## Assemble website data

This notebook saves collections in .json files in the website_data/ directory

StudySets.json
Studies.json
Recordings.json
TrueUnits.json
UnitResults.json
Sorters.json

## Schema

StudySet
* name (str)
    
Study
* name (str)
* studySet (str)
* description (str)
    
Recording
* name (str)
* study (str)
* directory (str)
* description (str)
* sampleRate (float)
* numChannels (int)
* durationSec (float)
* numTrueUnits (int)

TrueUnit
* unitId (int)
* recording (str)
* study (str)
* firingRate (float)
* numEvents (int)
* peakChannel (int)
* snr (float)

UnitResult
* unitId (int)
* recording (str)
* study (str)
* sorter (str)
* numMatches (int)
* numFalsePositives (int)
* numFalseNegatives (int)
* bestUnitId (int)
* matchedUnitId (int)

Sorter
* name (str)
* algorithm (str)
* processorName (str)
* processorVersion (str)
* sortingParameters (object)

In [93]:
%load_ext autoreload
%autoreload 2

from mountaintools import client as mt
import os

The autoreload extension is already loaded.
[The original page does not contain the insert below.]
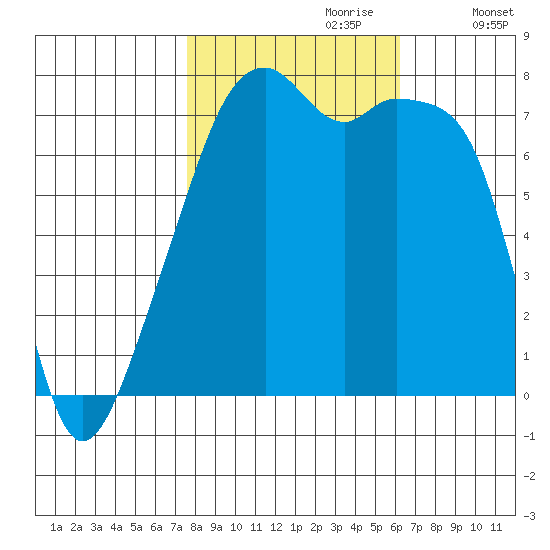 Obstruction Pass tide chart for Friday, October 20, 2023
To reload it, use:
  %reload_ext autoreload


In [94]:
mt.configRemoteReadonly(collection='spikeforest', share_id='spikeforest.spikeforest2')

Resolved share_id 69432e9201d0 from alias spikeforest.spikeforest2
CAIRIO CONFIG: remote database spikeforest (readonly); remote kb-share 69432e9201d0 (readonly)


In [95]:
output_ids=['visapy_mea', 'magland_synth', 'mearec_neuronexus']

In [96]:
result_objects=[
    mt.loadObject(
        key=dict(
            name='spikeforest_results'
        ),
        subkey=output_id
    )
    for output_id in output_ids
]
studies=[study for X in result_objects for study in X['studies']]
recordings=[recording for X in result_objects for recording in X['recordings']]
sorting_results=[sorting_result for X in result_objects for sorting_result in X['sorting_results']]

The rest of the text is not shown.